A thorough check is performed to ensure that there are no remaining duplicates or missing values in the dataset.

# Checking for duplicates in each dataset.
sum(duplicated(spotify_data_cleaned))

3.4.2 Data Formatting

Column names are being standardized by converting them to lowercase to ensure consistency across datasets before merging. The clean_names() function from the janitor package is used for this purpose, as it automatically transforms column names into a consistent and clean format. This includes converting them to lowercase, removing special characters, and replacing spaces with underscores, improving readability and compatibility during analysis.

# Clean and check the column names
spotify_data_cleaned <- clean_names(spotify_data_cleaned)
colnames(spotify_data_cleaned)

3.4.3 Merging and Standardizing the Date Columns

Upon examining the dataset, it was observed that the date information is stored across three separate columns: released_year, released_month, and released_day. To streamline the analysis, these columns need to be merged into a single date column. This transformation simplifies the analysis process, enhances compatibility with data analysis libraries, and facilitates easier and more effective data visualization.

# Create a single date column, then remove year, month, day columns
spoty <- spotify_data_cleaned %>%
mutate(date = as.Date(with(., sprintf("%04d-%02d-%02d",
released_year,
released_month, 
released_day)))) %>%
select(-released_year,
-released_month,
-released_day)

The released_year, released_month, and released_day columns were combined into a single string using the sprintf() function. This string was then converted into a proper Date object using the as.Date() function to standardize the date format for further analysis.

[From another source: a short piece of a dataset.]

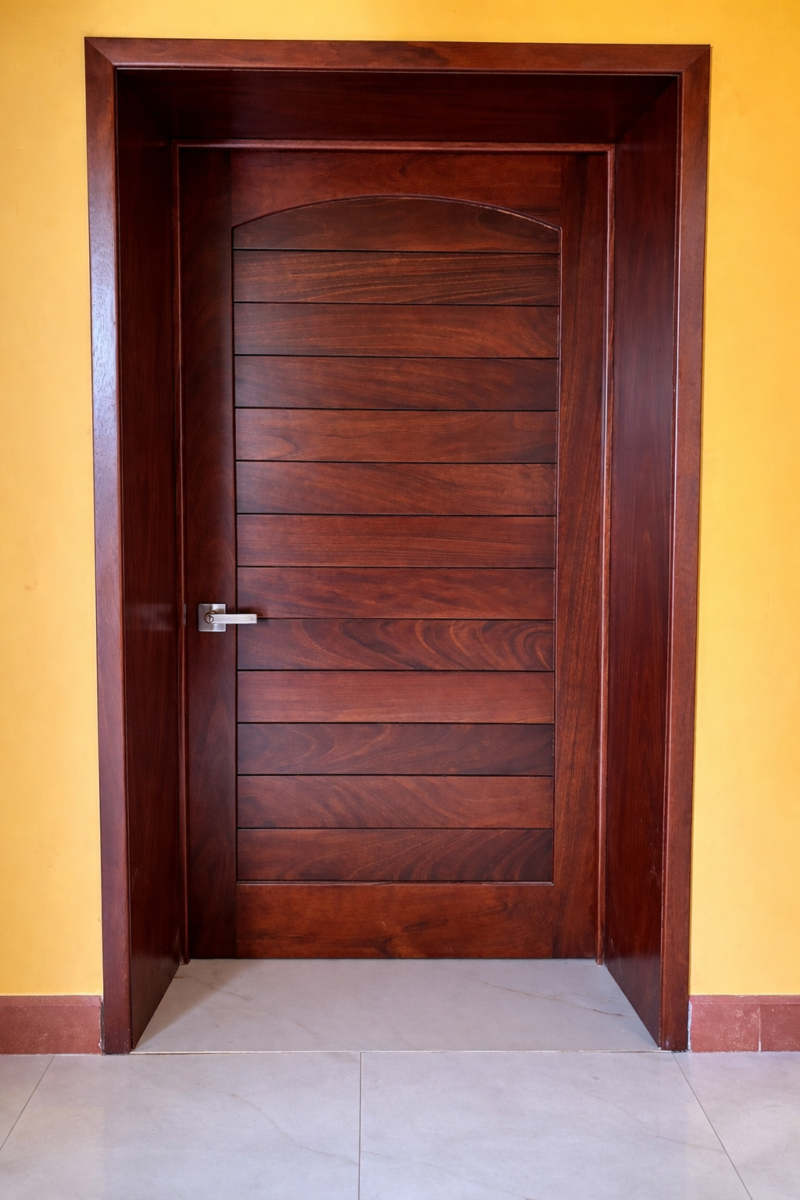 puertas de intercomunicacion en zapopan a medida (4)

3.4.4 Cleaning and Converting Character Columns to Numeric or Integer Values

In order for the analysis to function properly, it is necessary for some character columns to be converted to numeric value. This conversion must be completed to ensure that the data is processed correctly and without errors, allowing the analysis to proceed as intended. Since a different problem is associated with each column, each one is discussed separately.

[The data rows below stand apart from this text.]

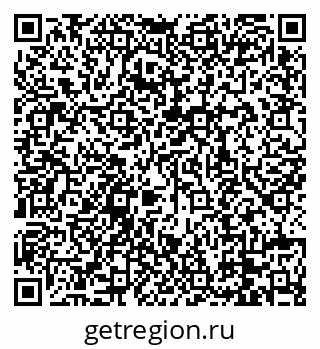79088668105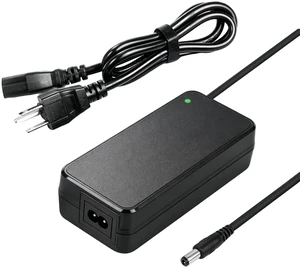 54v Power Adapter 210w, 54V Power Supply for UniFi XG 6 PoE, USW-Ultra Switches, 3.9A Output 54v Power Adapter 210w, 54V Power Supply for UniFi XG 6 PoE, USW-Ultra Switches, 3.9A Output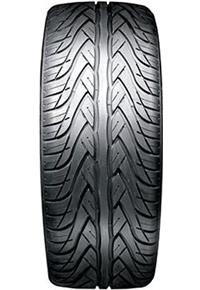Tire Image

# Clean and convert 'streams' column to numeric values.
spoty<- spoty[grepl("^[0-9]+$", spoty$streams), ]
spoty$streams <- gsub("[^0-9]", "", spoty$streams)
spoty$streams[spoty$streams == "" | is.na(spoty$streams)] <- 0
# Converted to numeric due to 32-bit integer limitations.
spoty$streams <- as.numeric(spoty$streams)

# Clean and convert 'in_shazam_charts' column to integers.
spoty$in_shazam_charts <- gsub("[^0-9]", "", spoty$in_shazam_charts)
spoty$in_shazam_charts[spoty$in_shazam_charts == "" |
    is.na(spoty$in_shazam_charts)] <- 0
spoty$in_shazam_charts <- as.integer(spoty$in_shazam_charts)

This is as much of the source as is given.